2 hours ago, Bartimaeus said:

See, that's kind of exactly my problem: here are all these great and powerful women living in a women-dominated society...and yet, it can't help but feel like it was all written from the point of view of a guy who clearly did not have the appropriate breadth of perspective to really do any of it justice, to escape the trappings of his own very limited world experiences and upbringing. And for a guy writing this kind of massive fictional world that has so much focus on those exact things, it's kind of a problem.

I find it strange and a little bit funny that particular point was the deal breaker for you.

2 hours ago, Bartimaeus said:

(e): @uuuhhii chimed in while I was writing this and helped further illustrate my problem here as well.

@uuuhhii and you seem to think that humans would somehow change or behave differently in a world with magic.
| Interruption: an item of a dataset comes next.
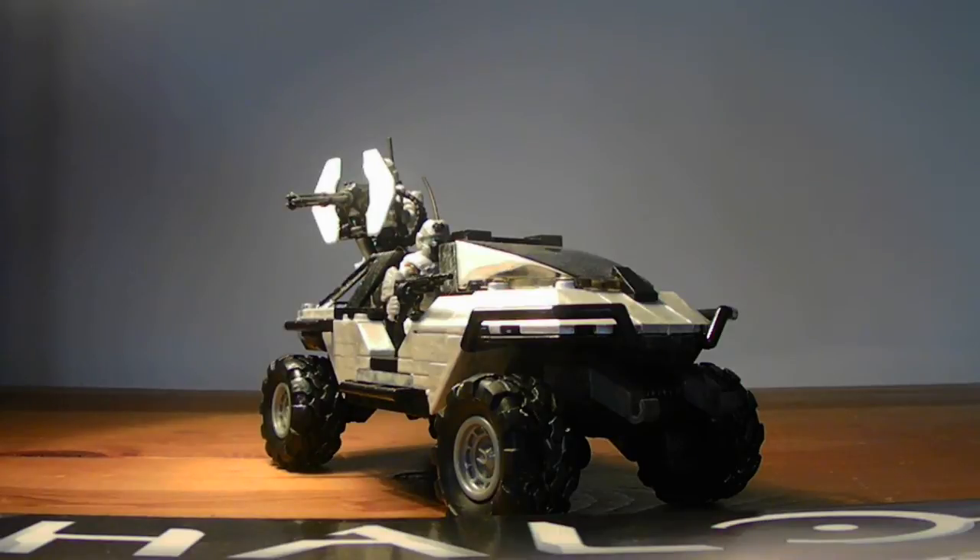Just painted it a Warthog white, made it Arctic. Put it with my Arctic Wolverine and the white gungoose to give it an Arctic ops feel to it.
Magic is just a form of power, I don't see why exactly humans should be different or behave differently than they do in the real world. In the real world some people have power and can do whatever they want and some people are powerless, magic is just a flavor.
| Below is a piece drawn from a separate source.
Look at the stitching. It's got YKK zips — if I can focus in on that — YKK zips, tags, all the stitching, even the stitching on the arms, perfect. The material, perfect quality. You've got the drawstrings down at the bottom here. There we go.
If we invented a way for people to shoot fireballs out of their arms today, do you think that would change anything?

To people who are born in a world with magic, that is just another aspect of life another form of power. They are still human and will behave like humans do. What difference does it make if you make fireworks with the one power or with gunpowder, the end results is the same.

2 hours ago, Bartimaeus said:

No, I would not say that my immediate thoughts every time I see a person (actually, really specifically just the girls or women, because the boys and men would usually get described in a much different manner that sounded way less "HOW MUCH OF A HOT BABE IS SHE?") for the first time is precisely evaluating their measure of beauty. It will very much depend on the precise circumstances. For example, if a woman upon a horse galloped into my vicinity, I can tell you that the first thing I wouldn't do is immediately notice how round her damned boobs are and that she's pretty and maybe even beautiful but her nose is just too big...and this is coming from the perspective of another female character - thank you very much, book 8, literally one queen meeting another queen in a political meeting. Fantastic writing, so well-framed and intentioned, :p.

So what is the first thought you have when you see or engage with a new person?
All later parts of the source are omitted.